Dillon’s style that has emerged in a steady clip of gallery exhibitions in recent years is spontaneous, textured, and gestural. He paints bold, flat works marked with mercurial figures, recurring symbols, and unexplained words. When on set and away from the studio, Dillon makes do with what’s at hand, lathering acrylic on loose paper and repurposed notebooks. The practice is on show in his first solo show at The Journal Gallery in New York, “Porto Novo to Abomey,” which opens April 24.
Installation view of “Porto Novo to Abomey.” Photo: courtesy The Journal Gallery/Guang Xu.

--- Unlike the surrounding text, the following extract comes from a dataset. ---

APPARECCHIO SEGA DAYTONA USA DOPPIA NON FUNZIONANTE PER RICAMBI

The series of paintings was born while Dillon was in Senegal for Claire Denis’s The Fence (2025) in which he played Horn, an embattled American who is overseeing a controversial construction project in an unnamed West African country. After filming, he travelled through Benin encountering textiles, architectures, landscapes, and people that proved rich source material. The show’s title traces the 100-mile journey inland from the country’s modern-day capital to the center of the Kingdom of Dahomey. Back in New York, he scrawled the place names on a piece of black Masonite, which has been installed in the gallery’s window.
Matt Dillon, Porto Novo to Abomey (2026). Photo courtesy the artist and The Journal Gallery.

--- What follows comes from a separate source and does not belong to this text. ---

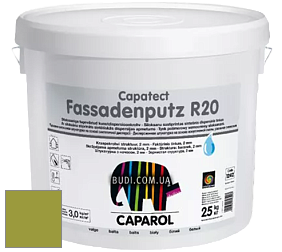 Краска CAPAROL Capatect-Fassadenputz R 20/Капарол Фассаденпутц Р20 структурная штукатурка цвет Tundra 125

“It’s not meant to be a literal description of the work or place, but rather the feeling behind the work,” the gallery’s co-founder, Michael Nevin, said over email.
That feeling is one of lingering images being flattened and cast loosely in paint. An ungainly cat in flight rendered in stark black outline, a stack of luminous orange cinderblocks against a wall, the sea in green and laid on a weathered pink background. One work centers on voodoo, which partly originated in the Kingdom of Dahomey, layering mask and tools on lined notepad paper.
Another two are named Coastal Landscape: the first offers a block of black for sea and sand with tree branches hanging like teeth, while the second shapes an uneasy and haggard figure. Intentional or otherwise, it’s hard not to think of the untold millions who departed the coastline enslaved.
Matt Dillon, Untitled (2025). Photo courtesy of The Journal Gallery.
Previously, Dillon’s relationship to this part of the world has largely come through music. He’s studied rumba and guaguancó, boasts a vast collection of Afro-Cuban records, and made El Gran Fellove (2020), a documentary about Francisco Fellove, a pioneer who combined Afro-Cuban rhythms with jazz in the 1950s. Nevin said this background ultimately inspired and guided Dillon’s road-trip through Benin.
“Matt is always drawing, collaging, collecting, writing on the road. He will pick up found textbooks or old newspapers to be repurposed as sketchbooks,” Julia Dippelhofer, the gallery’s other co-founder said. “He is like a sponge and a great storyteller.”
“Matt Dillon: Porto Novo to Abomey” is on view at The Journal Gallery, 45 White Street, New York, April 24–May 23.